A question you should be in the habit of asking is, “What does the stock price currently discount?” states Jesse Felder of The Felder Report.
“To achieve superior investment results, you have to hold non-consensus views regarding value, and they have to be accurate.” —Howard Marks
Understanding what is already priced in and what is not yet priced in is key to the investing process, and the history of Apple’s (AAPL) share price over the past decade is a good representation of how this works.
Back in 2013, when Apple traded at just five-times free cash flow the consensus was, in the wake of Steve Jobs’ passing, the company could no longer innovate. Worse than that, the stock price appeared to discount worsening profitability and a persistent loss of smartphone market share to Samsung.

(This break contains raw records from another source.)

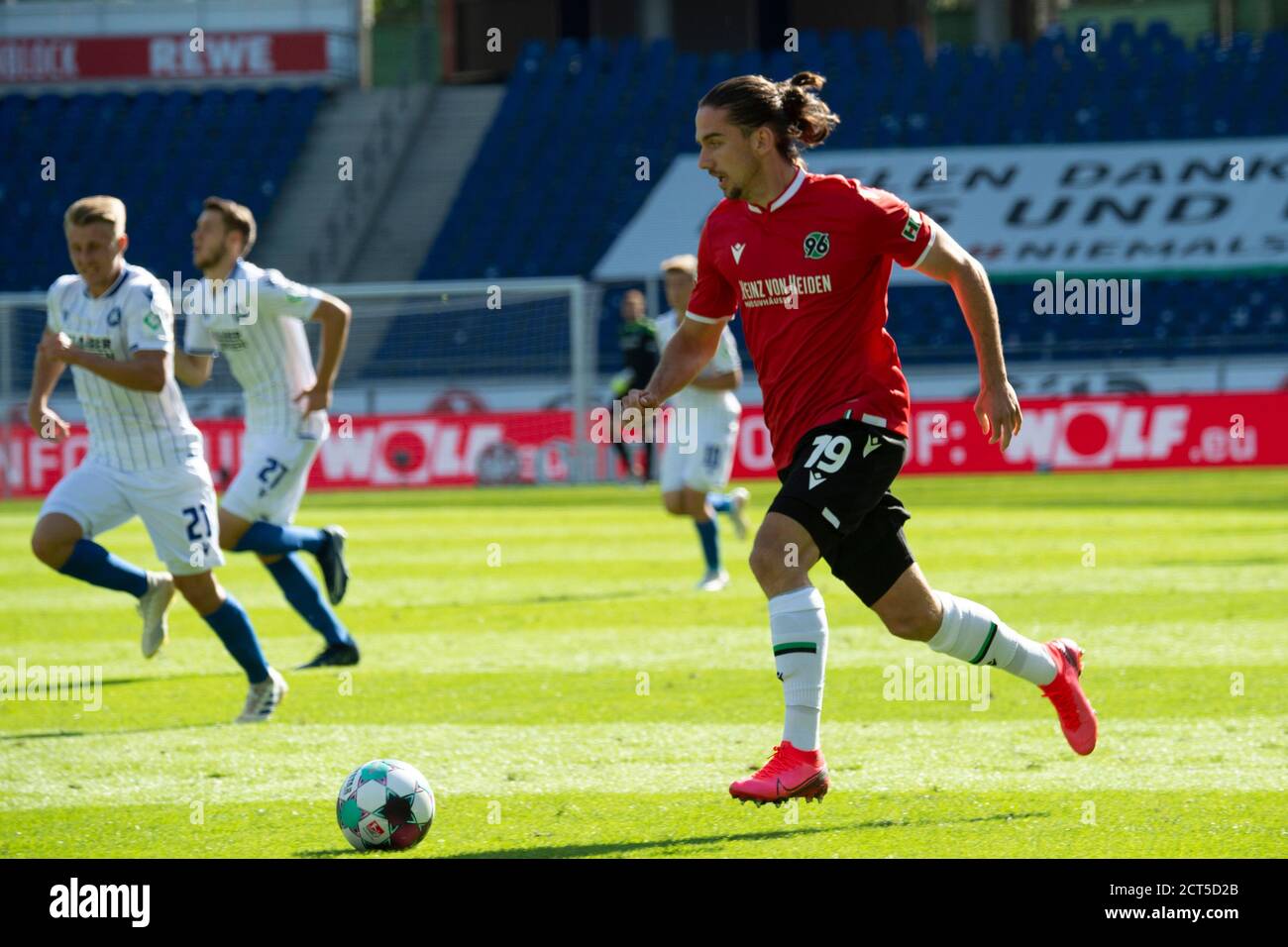 Valmir SULEJMANI (H), Einzelaktion mit Ball, Aktion, Fußball 2. Bundesliga, 1. Spieltag, Hannover 96 (H) - Karlsruher SC (KA), am 19. September 2020 in Hannover/Deutschland. ¬ Verwendung weltweit Stockfoto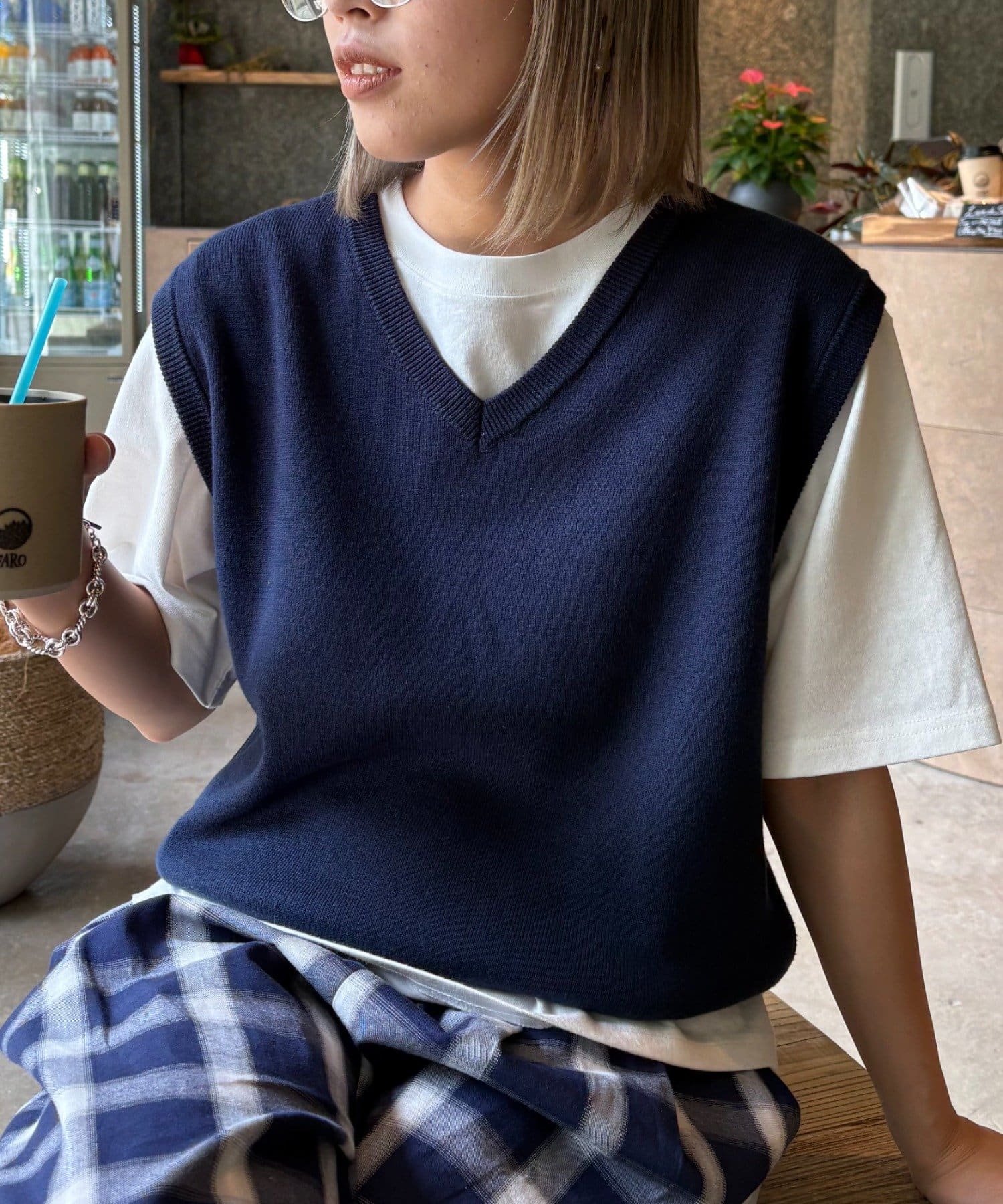 【WEB限定】いつものコーデにプラスワン☆着回し力抜群のサマーニットベスト■デザインシンプルなベストなので、様々なアイテムと相性抜群！Vネックデザインにすることで、顔周りをすっきりと見せてくれます。春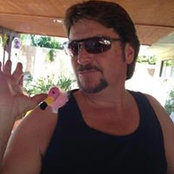 Thommy Hughes's photo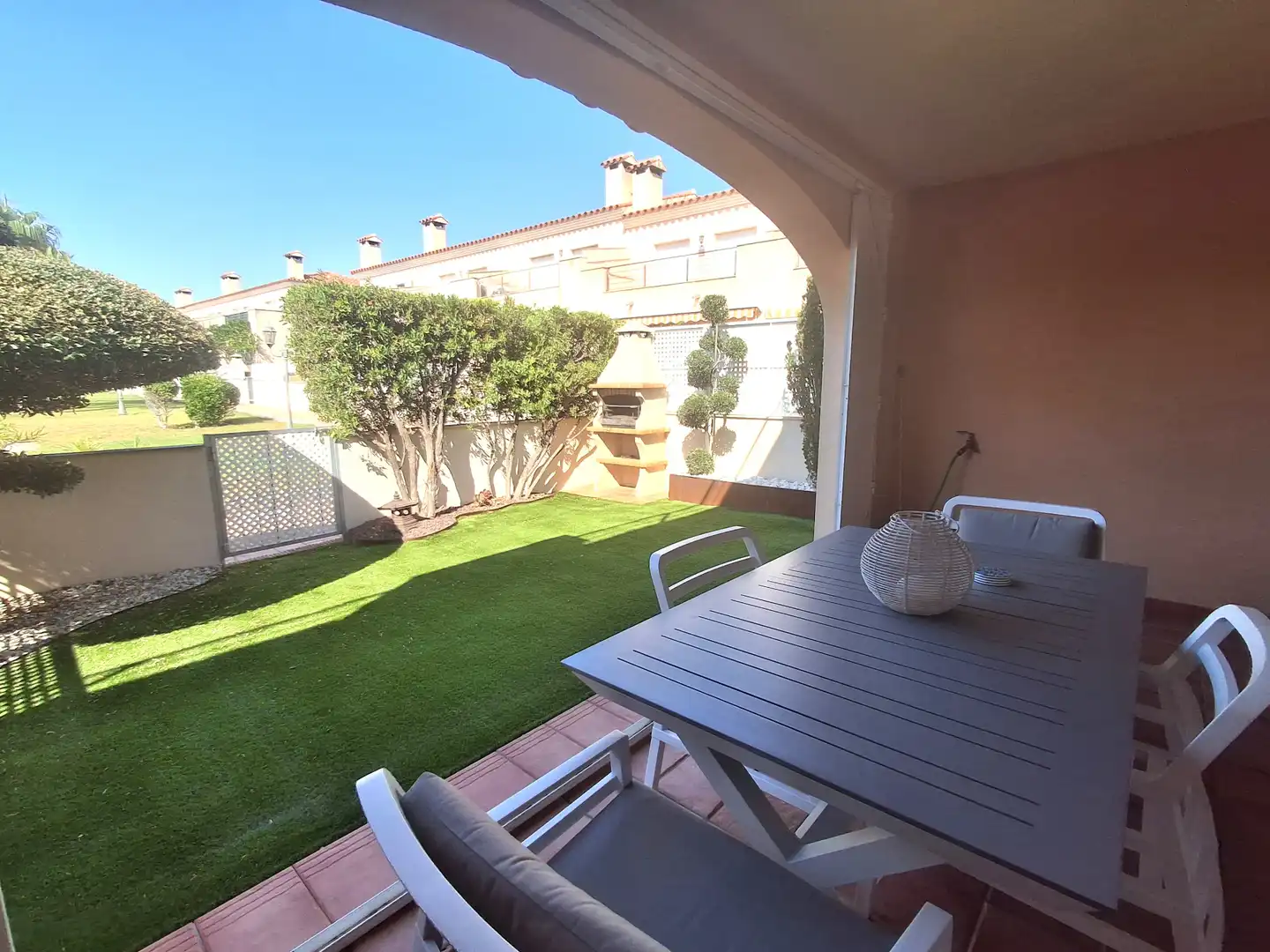 Jardí de Casa adosada en venda en Mont-roig del Camp amb Aire condicionat, Jardí privat i Terrassa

Fast forward nearly a decade and, at 35-times free cash flow, investors now believe that, not only will Apple dominate smartphone sales and services for the foreseeable future, it will also come to dominate autonomous driving and even the metaverse in the years to come.
So, what was priced into Apple shares back in 2013 was a very pessimistic view of the company’s future. Because this view turned out to be far too bearish, purchases made at that time turned out to be very profitable for investors holding non-consensus bullish views regarding the company’s value.
Today, however, Apple shares have priced in a heroically optimistic view of the company’s future. Even if it comes to pass, investors may not benefit much as the shares have likely already discounted it. Should these hopeful projections prove too hopeful, however, the non-consensus bearish view regarding the company’s value may prove prescient.